Geers allowed his eyes to open a little. “And having achieved this miracle, you suggest we kill it?”

“If you don’t now you’ll never be able to. People will come to think of it as human. They’ll say we’re murdering it. It’ll have us—the machine will have us—where it wants us.”

“And if we don’t choose to take your advice?”

“Then keep it away from the computer.”

Geers sat silent for a moment, his spectacles glinting. Then he rose to end the interview.

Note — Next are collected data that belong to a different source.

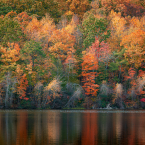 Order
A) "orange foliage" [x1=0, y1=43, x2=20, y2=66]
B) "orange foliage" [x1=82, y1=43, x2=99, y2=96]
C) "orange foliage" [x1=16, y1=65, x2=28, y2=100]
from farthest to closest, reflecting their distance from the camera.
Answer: "orange foliage" [x1=82, y1=43, x2=99, y2=96] < "orange foliage" [x1=0, y1=43, x2=20, y2=66] < "orange foliage" [x1=16, y1=65, x2=28, y2=100]

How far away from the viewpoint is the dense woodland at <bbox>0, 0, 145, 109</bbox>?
63062mm

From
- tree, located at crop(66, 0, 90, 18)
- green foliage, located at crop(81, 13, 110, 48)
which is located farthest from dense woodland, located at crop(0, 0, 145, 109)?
tree, located at crop(66, 0, 90, 18)

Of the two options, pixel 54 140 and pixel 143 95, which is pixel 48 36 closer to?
pixel 143 95

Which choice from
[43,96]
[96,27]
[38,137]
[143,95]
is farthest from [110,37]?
[38,137]

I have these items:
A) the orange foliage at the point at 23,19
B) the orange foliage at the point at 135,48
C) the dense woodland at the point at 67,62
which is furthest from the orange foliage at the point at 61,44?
the orange foliage at the point at 135,48

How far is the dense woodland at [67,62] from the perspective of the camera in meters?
63.1

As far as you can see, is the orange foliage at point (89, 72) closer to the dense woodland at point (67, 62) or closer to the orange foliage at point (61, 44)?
the dense woodland at point (67, 62)

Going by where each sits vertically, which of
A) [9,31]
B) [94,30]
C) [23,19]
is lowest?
[9,31]

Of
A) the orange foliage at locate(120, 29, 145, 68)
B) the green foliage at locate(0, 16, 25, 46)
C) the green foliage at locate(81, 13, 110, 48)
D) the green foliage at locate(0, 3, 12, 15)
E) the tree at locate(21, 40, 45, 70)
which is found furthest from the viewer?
the green foliage at locate(0, 3, 12, 15)

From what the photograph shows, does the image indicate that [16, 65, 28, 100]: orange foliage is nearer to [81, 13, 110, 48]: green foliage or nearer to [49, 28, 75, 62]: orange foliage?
[49, 28, 75, 62]: orange foliage

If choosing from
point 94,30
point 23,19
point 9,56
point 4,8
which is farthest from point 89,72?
point 4,8

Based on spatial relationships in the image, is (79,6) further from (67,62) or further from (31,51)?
(31,51)

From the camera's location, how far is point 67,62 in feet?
231

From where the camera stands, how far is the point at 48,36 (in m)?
77.3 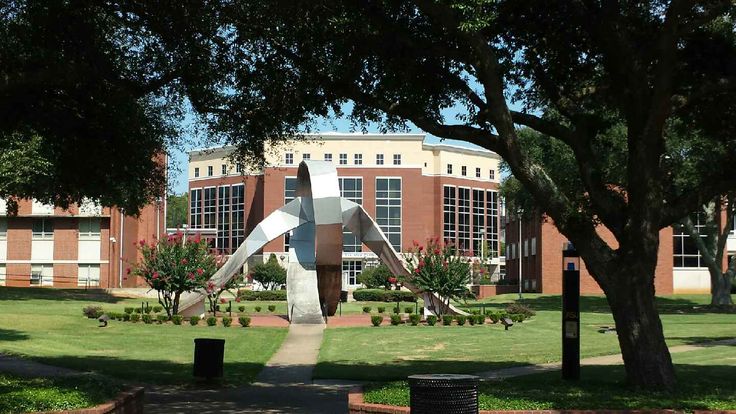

“You are only here on sufferance, Fleming, and out of courtesy to the Minister of Science. The judgement in this case rests not with you but with me. We shall do what I think best, and we shall do it here.”

Nine

Acceleration

The girl, as Geers had predicted, was fully grown by the end of four months. She remained most of the time in an oxygen tent, although she was learning to breathe naturally for increasing periods. By the end of the first month she was off drip feeds and on to a bottle. Beyond this, nothing was done to stimulate her mind and she lay inert as a baby, staring at the ceiling. Geers grew slightly apprehensive as growth continued, but she stopped at five foot seven inches, by which time she was a fully developed young woman.

“Quite a good-looking young woman, too,” Hunter said, with a lick of his lips.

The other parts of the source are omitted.